I re-read from the beginning a few times but still couldn't figure out who or what the "he/him" refers to.
Earlier in the conversation, Santiago, the old man, said to the boy, "I can still row and Rogelio will throw the net." Google shows "Rogelio" is a male name so I think the "he/him" here may refer to Rogelio. At the beginning, I thought this makes some sense because the boy said "...if you hook something truly big we can come to your aid." In my imagination, the boy was suggesting the following:
- In the next day, the boy would go finishing with Santiago the old man and Rogelio. The three people would be on the same boat.
- Santiago must be responsible for something that I haven't learned about by reading so far, but Rogelio would throw the net as the old man said.
- If a really big fish would be caught, the boy and Rogelio would help the old man to deal with it. The "we" here refers to the boy and Rogelio.
- When this conversation was happening, the boy had been required to work on another luckier boat, so, usually, the boy would not be able to work on the same boat as the old man. However, when the boy suggested fishing together the next day, the old man said "No. Go and play baseball." So I'm guessing the "next day" was a rest day for the fishermen and the boy would be able to do some recreational activities such as playing baseball. In other words, the boy would be free to do anything. This is why he was able to offer to go fishing together.

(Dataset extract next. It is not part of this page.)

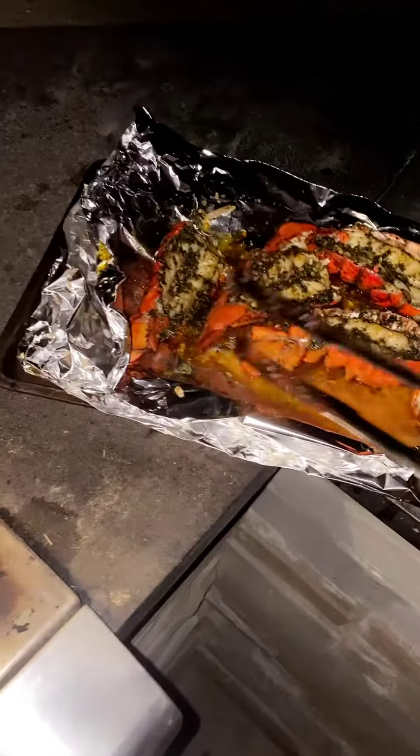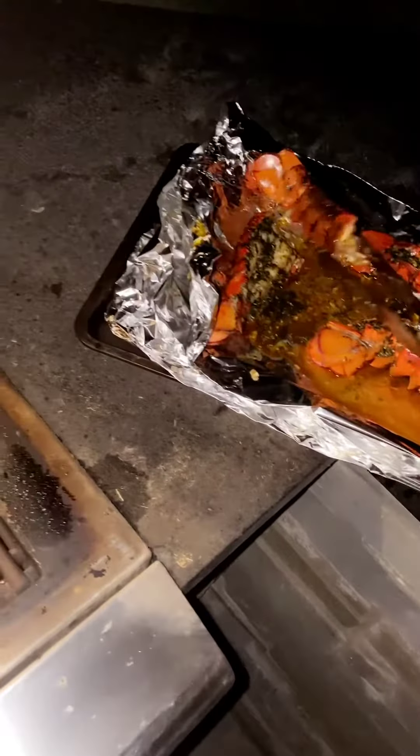The lobster is going to go back for its final cooking session under direct heat. This time we'll only do three minutes and that'll be it. Looking good so far.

So far so good, until I went on reading and saw the later part of the conversation:
"He does not like to work too far out."
"No," the boy said. "But I will see something that he cannot see such as a bird working and get him to come out after dolphin."
"Are his eyes that bad?"
"He is almost blind."
"It is strange," the old man said. "He never went turtle-ing. That is what kills the eyes."
The old man asked "Are his eyes that bad?" It sounds like the old man didn't really know much about Rogelio, but if the old man and Rogelio had been working together, the old man should kind of know him. Besides, if "him" refers to Rogelio, what does it mean by "get him to come out after dolphin"? Get Rogelio to come out after dolphin?
Anyway, I'm confused by this "he/him". Appreciate if anyone could help me clarify.